- Data excerpt -
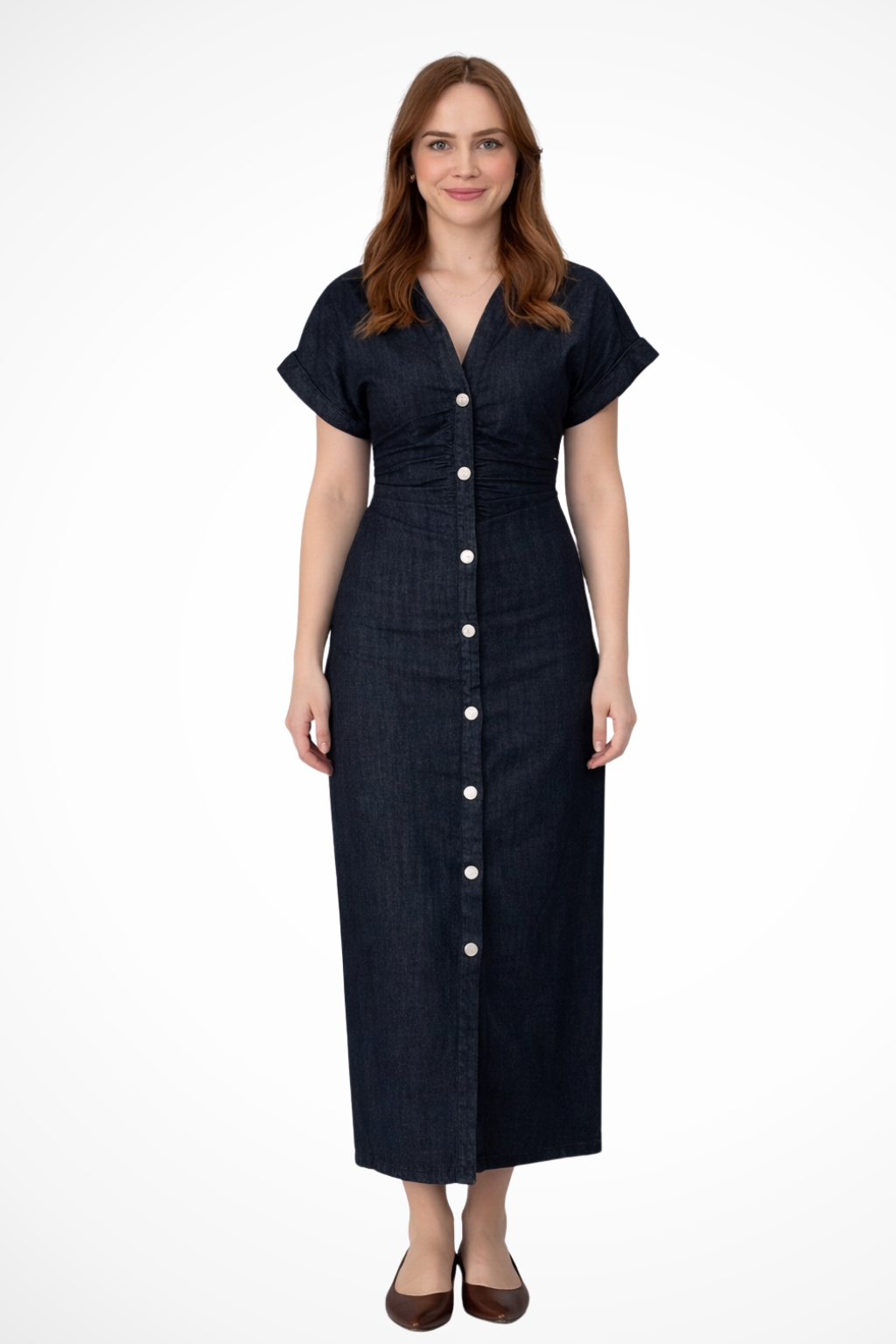Vestido maxi mujer de mezclilla con botonadura y cuello solapa - Mavetta
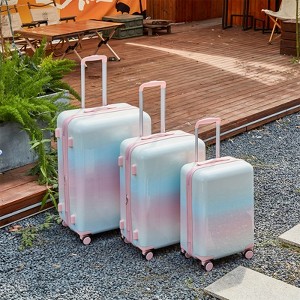 3-Piece Hardside Luggage Set with Triple Telescopic Handles, TSA-Approved Safeguard Locks, Smooth Anti-Pinch Design Travel Suitcase Set 20", 24", 28" - 1 of 4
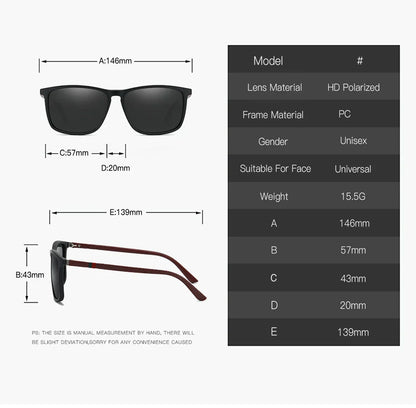 Luxury Square Vintage Polarized Sunglasses For Men Women Fashion Travel Driving  Sun Glasses Male TR90 Eyewear UV400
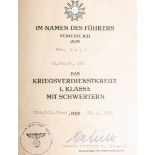 Verleihungsurkunde für das Kriegsverdienstkreuz 1. Klasse m. Schwertern (2. WK, 1944)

- Task statement -
The lines to copy run from the line containing "Luxury Square Vintage" through the end of the data above; copy exactly those, minus the pictures.

- Task result -
 Luxury Square Vintage Polarized Sunglasses For Men Women Fashion Travel Driving  Sun Glasses Male TR90 Eyewear UV400
 Verleihungsurkunde für das Kriegsverdienstkreuz 1. Klasse m. Schwertern (2. WK, 1944)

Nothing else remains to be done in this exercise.